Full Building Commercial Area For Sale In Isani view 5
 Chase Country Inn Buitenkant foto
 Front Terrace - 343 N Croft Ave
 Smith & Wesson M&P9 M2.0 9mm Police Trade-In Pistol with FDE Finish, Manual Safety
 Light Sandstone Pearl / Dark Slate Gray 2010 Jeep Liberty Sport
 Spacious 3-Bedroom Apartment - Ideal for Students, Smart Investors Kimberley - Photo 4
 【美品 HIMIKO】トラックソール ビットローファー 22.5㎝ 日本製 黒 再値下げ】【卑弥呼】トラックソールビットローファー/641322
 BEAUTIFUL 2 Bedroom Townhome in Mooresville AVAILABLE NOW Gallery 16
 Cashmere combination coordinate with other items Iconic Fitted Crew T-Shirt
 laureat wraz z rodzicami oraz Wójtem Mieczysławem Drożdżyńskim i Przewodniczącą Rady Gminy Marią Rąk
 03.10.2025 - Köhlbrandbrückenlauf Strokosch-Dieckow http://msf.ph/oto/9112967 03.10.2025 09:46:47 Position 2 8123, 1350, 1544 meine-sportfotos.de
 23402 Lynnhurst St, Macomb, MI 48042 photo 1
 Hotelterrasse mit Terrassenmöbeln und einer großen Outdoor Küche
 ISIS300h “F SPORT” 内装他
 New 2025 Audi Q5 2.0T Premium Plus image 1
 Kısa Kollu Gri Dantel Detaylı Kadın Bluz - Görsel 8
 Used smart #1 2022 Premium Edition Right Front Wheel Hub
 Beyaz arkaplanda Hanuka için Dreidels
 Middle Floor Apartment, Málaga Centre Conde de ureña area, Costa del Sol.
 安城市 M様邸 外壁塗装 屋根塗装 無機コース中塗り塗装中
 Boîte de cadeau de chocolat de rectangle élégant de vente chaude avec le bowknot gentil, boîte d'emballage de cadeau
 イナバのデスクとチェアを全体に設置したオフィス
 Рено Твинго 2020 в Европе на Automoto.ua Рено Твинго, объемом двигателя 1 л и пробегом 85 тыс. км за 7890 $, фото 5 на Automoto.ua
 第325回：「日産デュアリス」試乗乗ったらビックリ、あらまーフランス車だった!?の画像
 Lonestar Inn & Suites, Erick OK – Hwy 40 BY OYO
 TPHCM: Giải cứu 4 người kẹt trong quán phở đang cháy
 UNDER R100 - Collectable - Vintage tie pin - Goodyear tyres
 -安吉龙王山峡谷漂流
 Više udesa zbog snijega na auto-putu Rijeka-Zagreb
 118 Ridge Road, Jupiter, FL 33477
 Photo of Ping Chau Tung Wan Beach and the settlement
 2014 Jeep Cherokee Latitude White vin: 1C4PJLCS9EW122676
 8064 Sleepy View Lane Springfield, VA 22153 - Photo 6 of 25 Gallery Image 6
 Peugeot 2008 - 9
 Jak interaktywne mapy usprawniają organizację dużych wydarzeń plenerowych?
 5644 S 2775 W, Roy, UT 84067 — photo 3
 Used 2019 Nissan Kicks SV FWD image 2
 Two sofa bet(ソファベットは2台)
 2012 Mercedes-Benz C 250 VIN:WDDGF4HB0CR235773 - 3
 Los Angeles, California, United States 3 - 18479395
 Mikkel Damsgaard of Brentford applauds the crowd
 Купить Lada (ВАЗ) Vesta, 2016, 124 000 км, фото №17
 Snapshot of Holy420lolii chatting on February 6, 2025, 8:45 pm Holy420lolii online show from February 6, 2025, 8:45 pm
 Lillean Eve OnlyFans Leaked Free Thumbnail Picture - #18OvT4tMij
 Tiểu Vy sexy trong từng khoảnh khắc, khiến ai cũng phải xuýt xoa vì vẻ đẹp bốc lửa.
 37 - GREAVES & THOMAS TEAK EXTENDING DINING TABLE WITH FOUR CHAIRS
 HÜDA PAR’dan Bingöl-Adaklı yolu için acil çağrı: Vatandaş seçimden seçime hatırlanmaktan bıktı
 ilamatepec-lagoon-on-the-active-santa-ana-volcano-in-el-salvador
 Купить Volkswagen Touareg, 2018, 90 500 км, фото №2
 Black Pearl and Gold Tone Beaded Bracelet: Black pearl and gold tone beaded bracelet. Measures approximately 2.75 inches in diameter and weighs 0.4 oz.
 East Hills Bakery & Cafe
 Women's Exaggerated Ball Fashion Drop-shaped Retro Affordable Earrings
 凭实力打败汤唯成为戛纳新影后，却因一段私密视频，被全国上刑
○ ○ ○ ○ ○ ○ ○
> [TO DO]:
Copy out the range of lines above starting at the line with "Middle Floor Apartment, Málaga" and ending at the line with "Mikkel Damsgaard of", exactly and including both.

> [SOLUTION FOR THIS PROBLEM]:
 Middle Floor Apartment, Málaga Centre Conde de ureña area, Costa del Sol.
 安城市 M様邸 外壁塗装 屋根塗装 無機コース中塗り塗装中
 Boîte de cadeau de chocolat de rectangle élégant de vente chaude avec le bowknot gentil, boîte d'emballage de cadeau
 イナバのデスクとチェアを全体に設置したオフィス
 Рено Твинго 2020 в Европе на Automoto.ua Рено Твинго, объемом двигателя 1 л и пробегом 85 тыс. км за 7890 $, фото 5 на Automoto.ua
 第325回：「日産デュアリス」試乗乗ったらビックリ、あらまーフランス車だった!?の画像
 Lonestar Inn & Suites, Erick OK – Hwy 40 BY OYO
 TPHCM: Giải cứu 4 người kẹt trong quán phở đang cháy
 UNDER R100 - Collectable - Vintage tie pin - Goodyear tyres
 -安吉龙王山峡谷漂流
 Više udesa zbog snijega na auto-putu Rijeka-Zagreb
 118 Ridge Road, Jupiter, FL 33477
 Photo of Ping Chau Tung Wan Beach and the settlement
 2014 Jeep Cherokee Latitude White vin: 1C4PJLCS9EW122676
 8064 Sleepy View Lane Springfield, VA 22153 - Photo 6 of 25 Gallery Image 6
 Peugeot 2008 - 9
 Jak interaktywne mapy usprawniają organizację dużych wydarzeń plenerowych?
 5644 S 2775 W, Roy, UT 84067 — photo 3
 Used 2019 Nissan Kicks SV FWD image 2
 Two sofa bet(ソファベットは2台)
 2012 Mercedes-Benz C 250 VIN:WDDGF4HB0CR235773 - 3
 Los Angeles, California, United States 3 - 18479395
 Mikkel Damsgaard of Brentford applauds the crowd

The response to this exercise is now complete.